# General Lee



## SleelWheels (Jun 25, 2019)

Uber Riot Wagon


----------



## tohunt4me (Nov 23, 2015)

Show has been taken off the air.

I think there is a Movement to Ban " Gone With the Wind".
















Waiting for Demands to Disassemble Historic Plantations next . . . .

And orders to dig up the graves of Confederate Soldiers.


----------



## Timinftl (Sep 7, 2019)

It's true this time, the Inmates have truly taken control of the Asylum coming soon, book burnings, art already being destroyed. 
Not every freaking thing is gonna be PC but most of the stuff being destroyed could be moved to places designated for display or even to enclosures that limit the accidental offense of someone so sensitive.


----------



## AdAstra (Jun 26, 2020)

Timinftl said:


> It's true this time, the Inmates have truly taken control of the Asylum coming soon, book burnings, art already being destroyed.
> Not every freaking thing is gonna be PC but most of the stuff being destroyed could be moved to places designated for display or even to enclosures that limit the accidental offense of someone so sensitive.


out of respect....
.....No one touched the Travis Kalanick Statue


----------



## SleelWheels (Jun 25, 2019)

Timinftl said:


> It's true this time, the Inmates have truly taken control of the Asylum coming soon, book burnings, art already being destroyed.
> Not every freaking thing is gonna be PC but most of the stuff being destroyed could be moved to places designated for display or even to enclosures that limit the accidental offense of someone so sensitive.


It's ok, history will be forgotten and they will be enslaved again.


----------



## AdAstra (Jun 26, 2020)

SleelWheels said:


> It's ok, history will be forgotten and they will be enslaved again.


"They" may not be who you think


----------



## Timinftl (Sep 7, 2019)

SleelWheels said:


> It's ok, history will be forgotten and they will be enslaved again.


I just get tired, there isn't a race of humanity that never had slaves/indentured servants/ hostages etc in one form or another.
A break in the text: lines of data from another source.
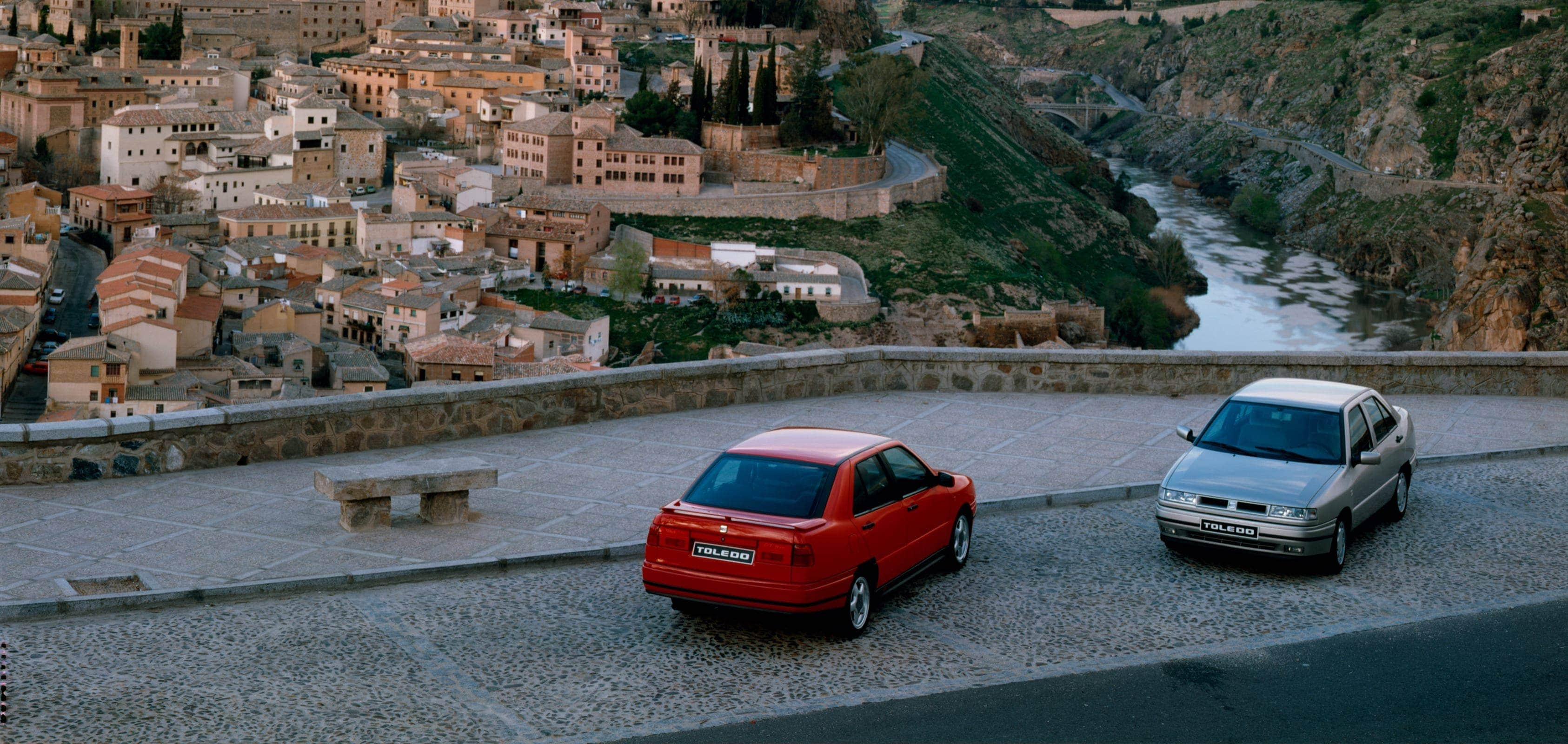 SEAT Markengeschichte 1990er - SEAT Toledo Limousinen in der Stadt Toledo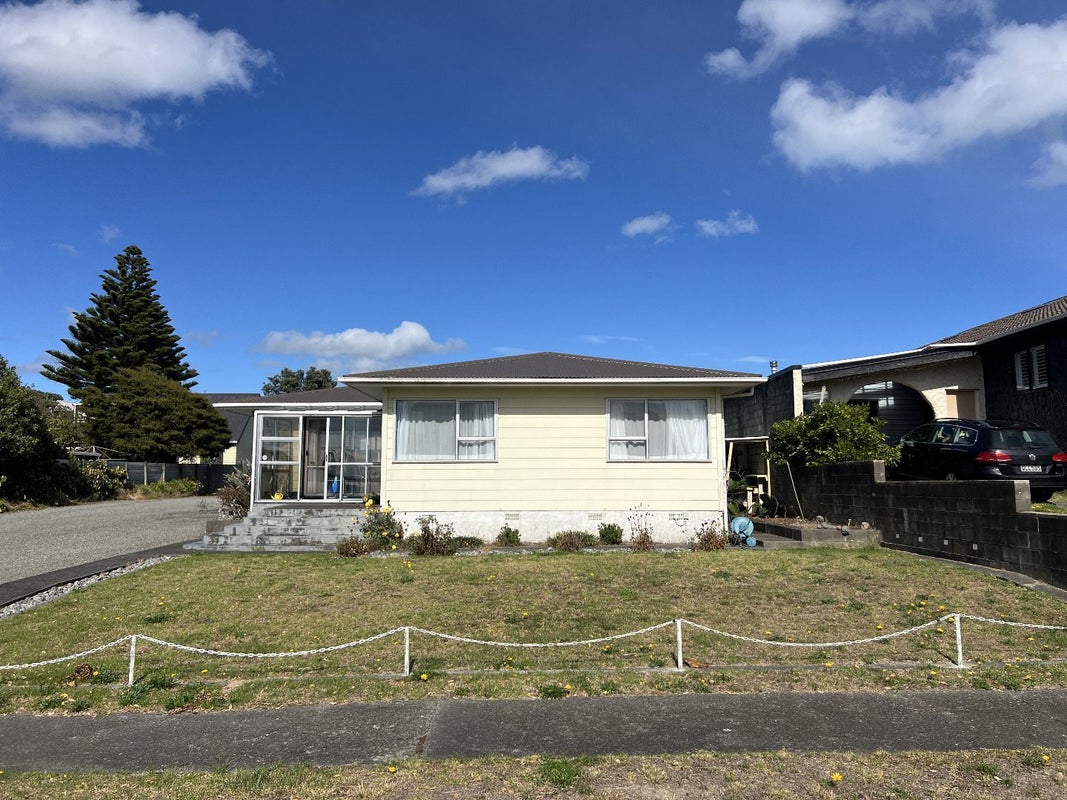 41 Toi Street, Otaki Beach, Otaki - Carousel 1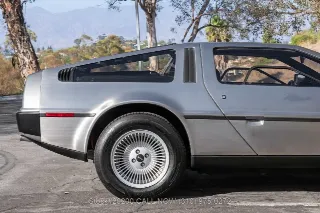 Foto 12 di 24: 1981 DeLorean DMC 12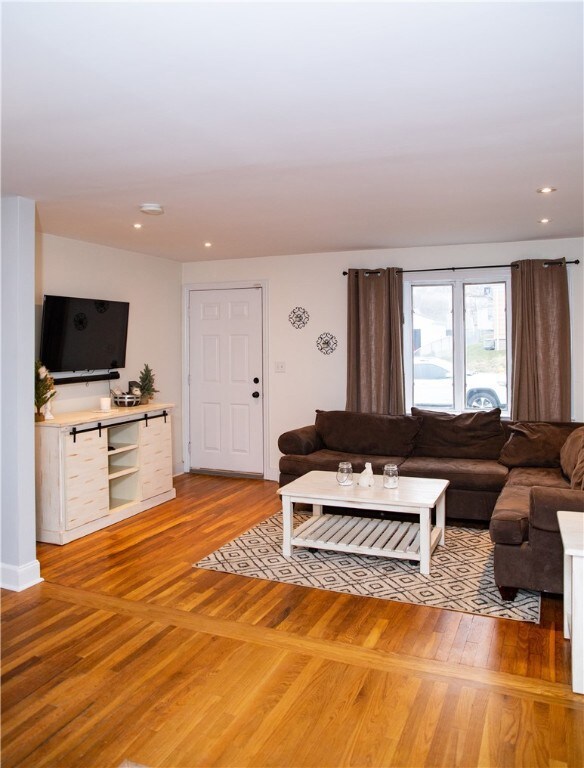 63 Massey Rd, Tiverton, RI 02878 - photo 6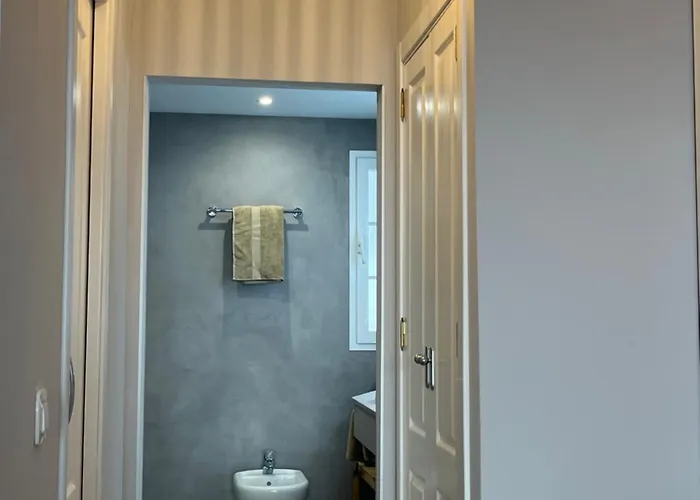 Апартаменти Playa Del Duque-amazing Views 2 Bedroom Адехе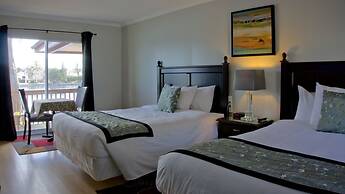 The Water's Edge Inn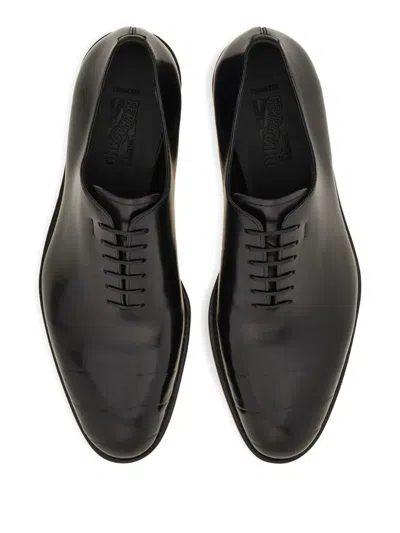 Ferragamo Tramezza Oxford Shoes In Black
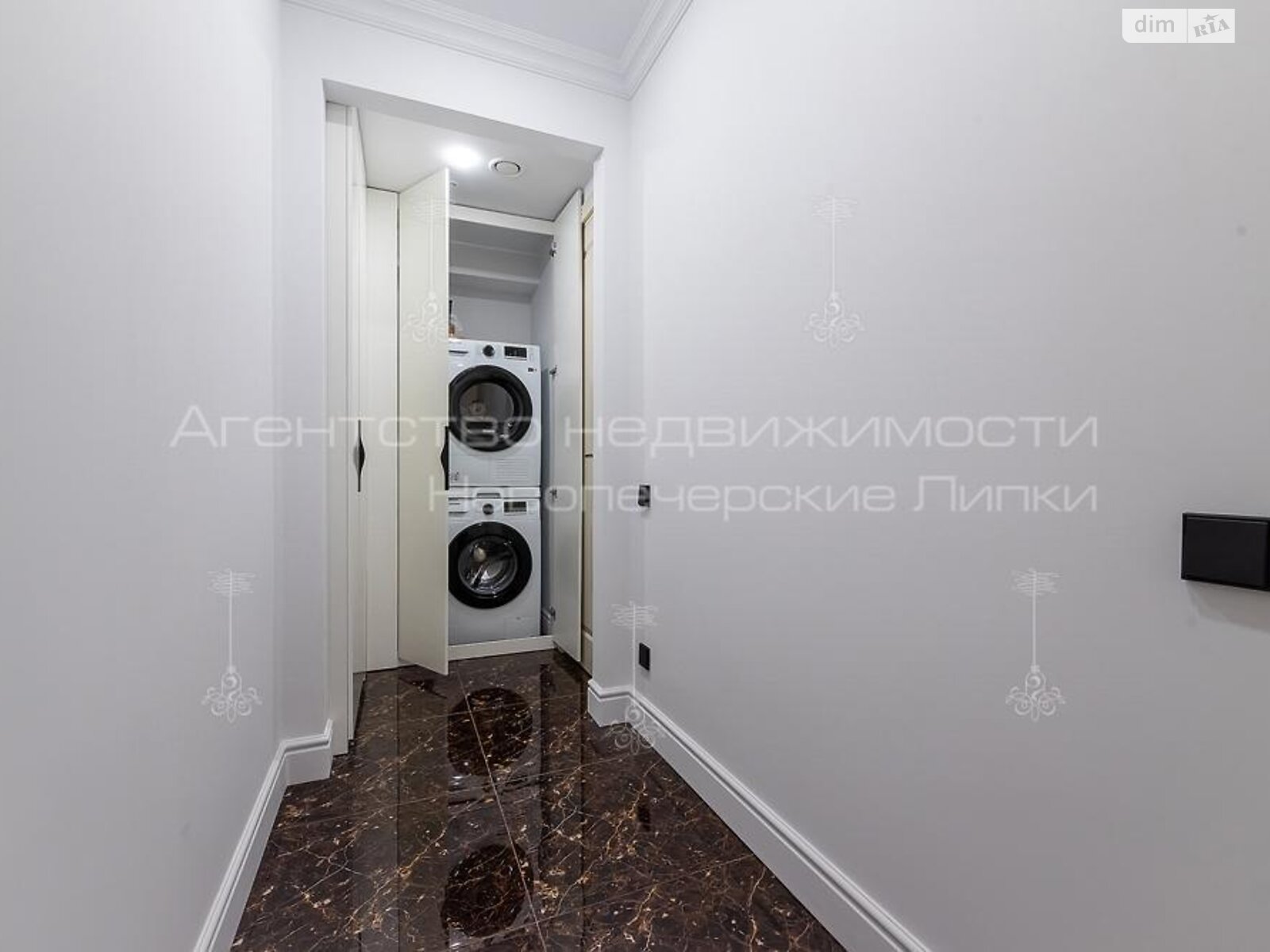чотирикімнатна квартира в Києві, район Печерський, на вул. Андрія Верхогляда 11Б в довготривалу оренду помісячно фото 1 чотирикімнатна квартира в Києві, район Печерський, на вул. Андрія Верхогляда 11Б в довготривалу оренду помісячно фото 1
Not a damn one. I was in the streets in the 60s and this is the same thing. Seems pretty complete too except for the lack of calling for the troops to come home. Civil rights, war, crooked politics. And round and round we go in the same old muddy track. I was raised to treat others as I would be treated. 
Sounds pretty simple and it's worked well so far.


----------



## mbd (Aug 27, 2018)

Couldn’t tell you the difference between General Lee and Bruce Lee statue. I go over the JFK X spot all the time. Don’t even pay attention to it. He was just another guy, who got shot. Everybody is taking pictures while I am running over his blood :thumbdown: Talking about the Japanese people taking pics.


----------



## kc ub'ing! (May 27, 2016)

tohunt4me said:


> Ban " Gone With the Wind".


Finally saw this after a lifetime of hearing about it... did not enjoy. Scarlett was a jerk! And that slave maid, who I always thought was supposed to be comic relief, was such a liar!


----------



## reg barclay (Nov 3, 2015)

Keep the General Lee.

Defund Boss Hogg and divert funds to the moonshine operation:


----------



## Timinftl (Sep 7, 2019)

mbd said:


> Couldn't tell you the difference between General Lee and Bruce Lee statue. I go over the JFK X spot all the time. Don't even pay attention to it. He was just another guy, who got shot. Everybody is taking pictures while I am running over his blood :thumbdown: Talking about the Japanese people taking pics.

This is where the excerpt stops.